• **What is being asked**
In the entries below, begin at the line with "Гирлянда бахрома ULED ULED-LG-90-220V-(W-F-WW/WW) Гирлянда" and stop after the line with "Комплект ГРМ, ланцюг+елементи"; output those lines exactly and omit the pictures.

• **Extracted material**
_ _ _

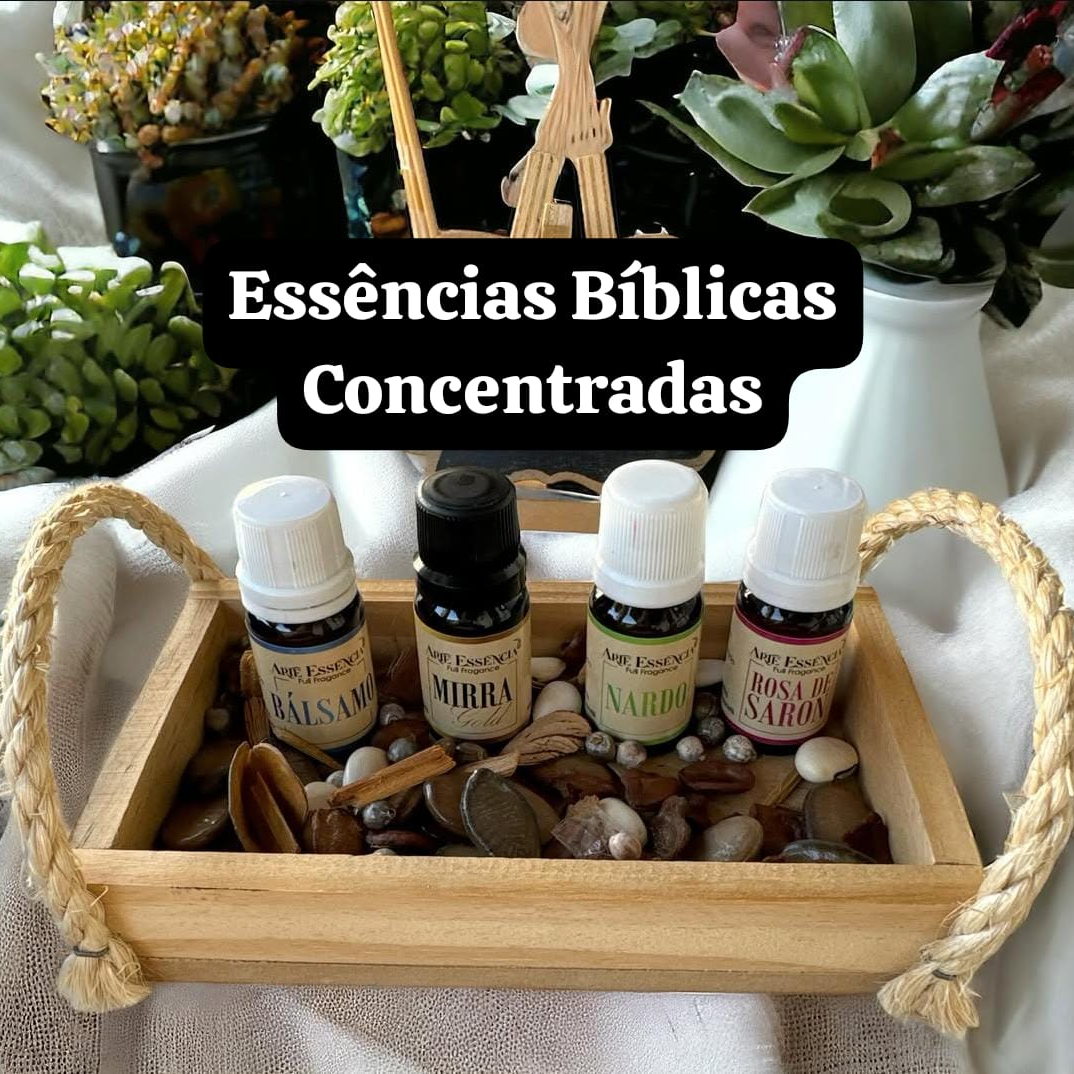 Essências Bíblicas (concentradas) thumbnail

_ _ _

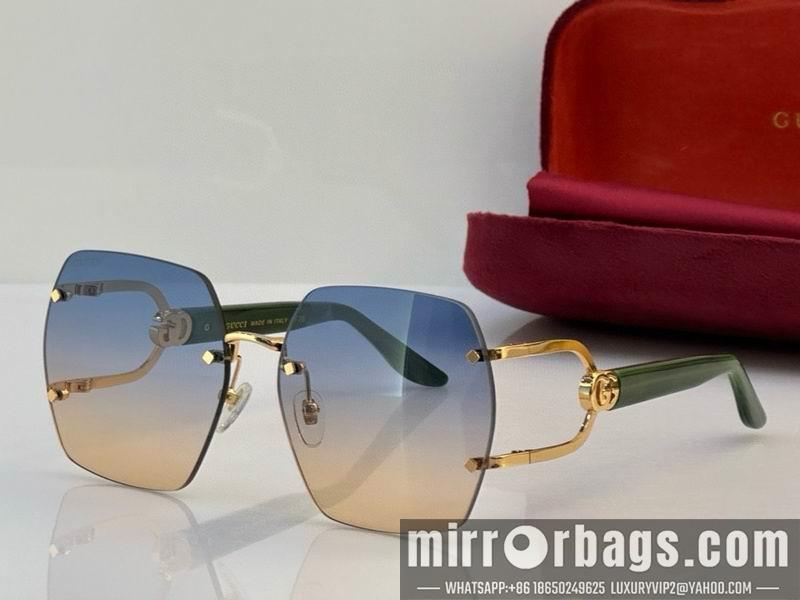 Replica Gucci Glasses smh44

_ _ _

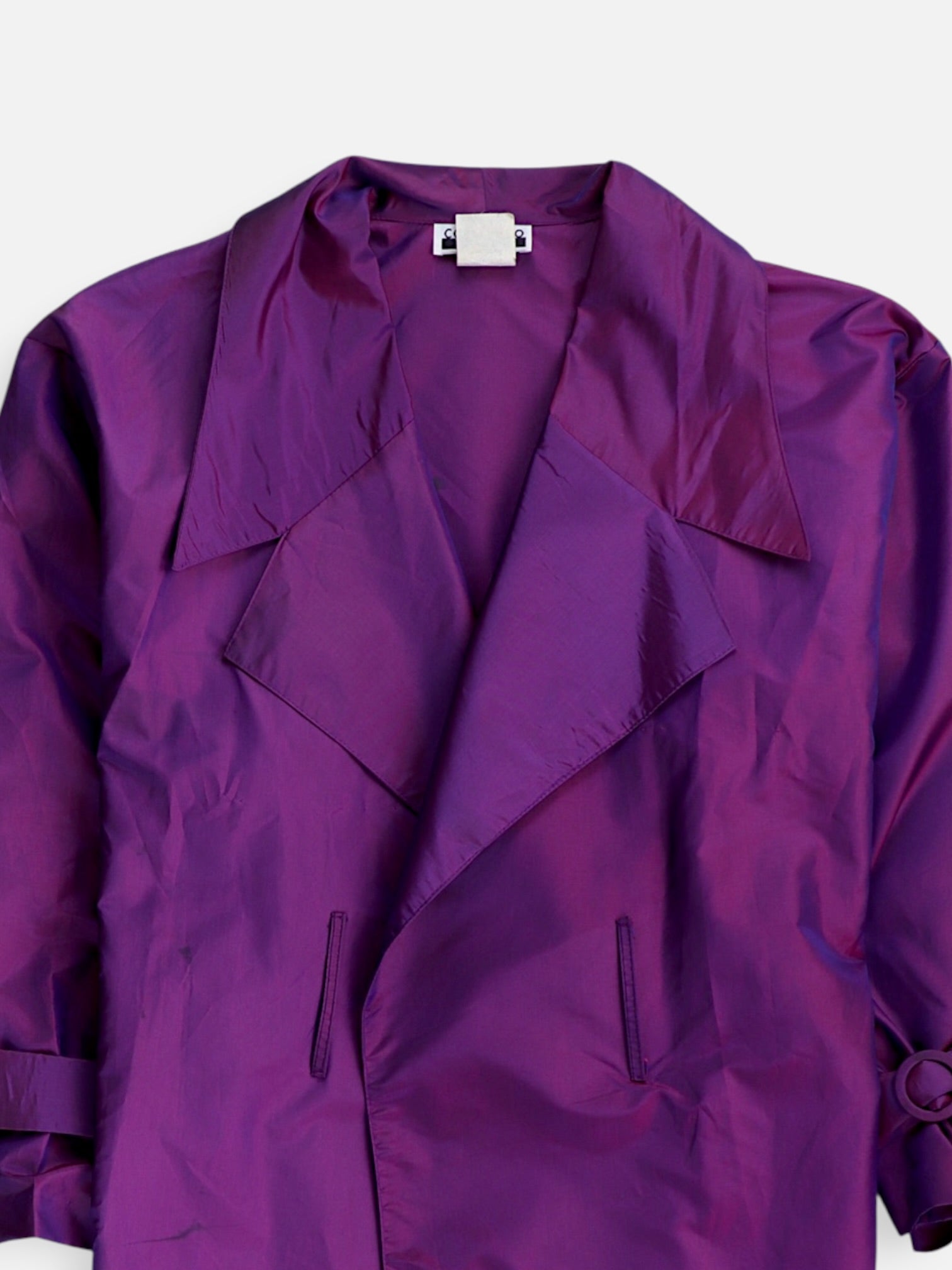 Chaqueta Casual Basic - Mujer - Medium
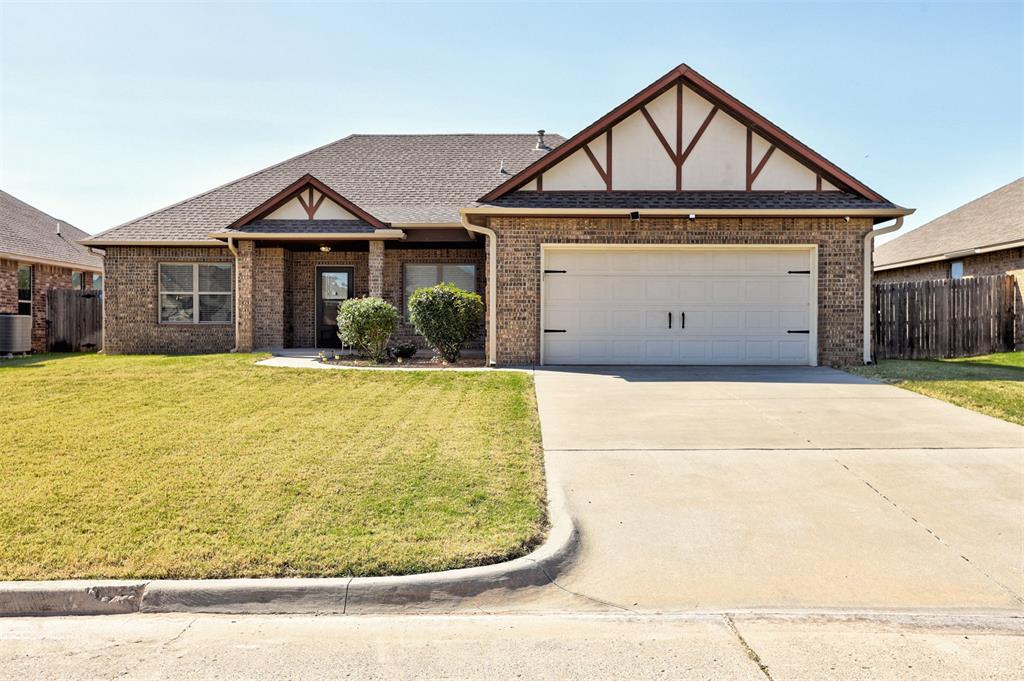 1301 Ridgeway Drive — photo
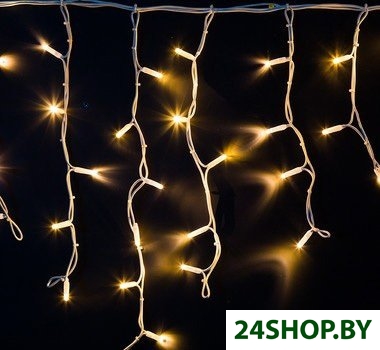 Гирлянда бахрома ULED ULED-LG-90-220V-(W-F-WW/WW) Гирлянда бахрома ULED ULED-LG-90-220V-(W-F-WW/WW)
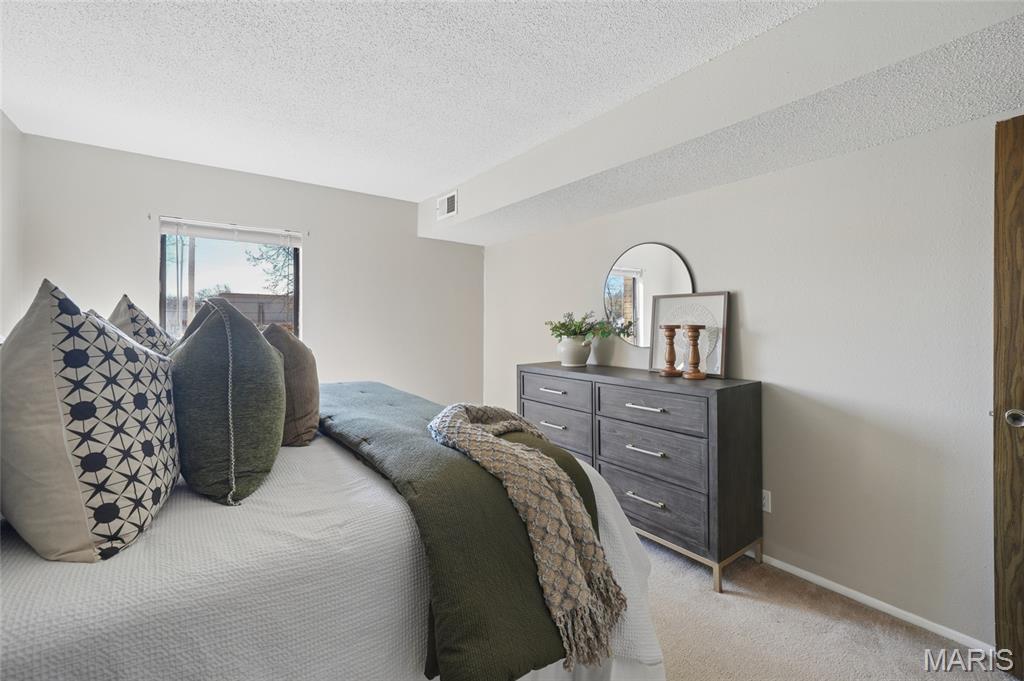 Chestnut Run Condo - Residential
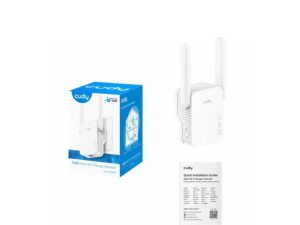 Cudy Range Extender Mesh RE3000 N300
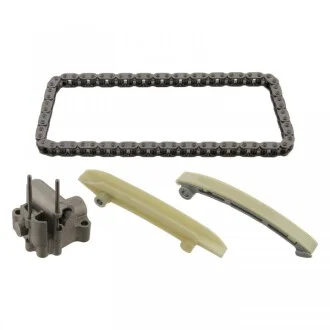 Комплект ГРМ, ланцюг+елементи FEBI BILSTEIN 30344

_ _ _

• **Task solution**
 Гирлянда бахрома ULED ULED-LG-90-220V-(W-F-WW/WW) Гирлянда бахрома ULED ULED-LG-90-220V-(W-F-WW/WW)
 Chestnut Run Condo - Residential
 Cudy Range Extender Mesh RE3000 N300
 Комплект ГРМ, ланцюг+елементи FEBI BILSTEIN 30344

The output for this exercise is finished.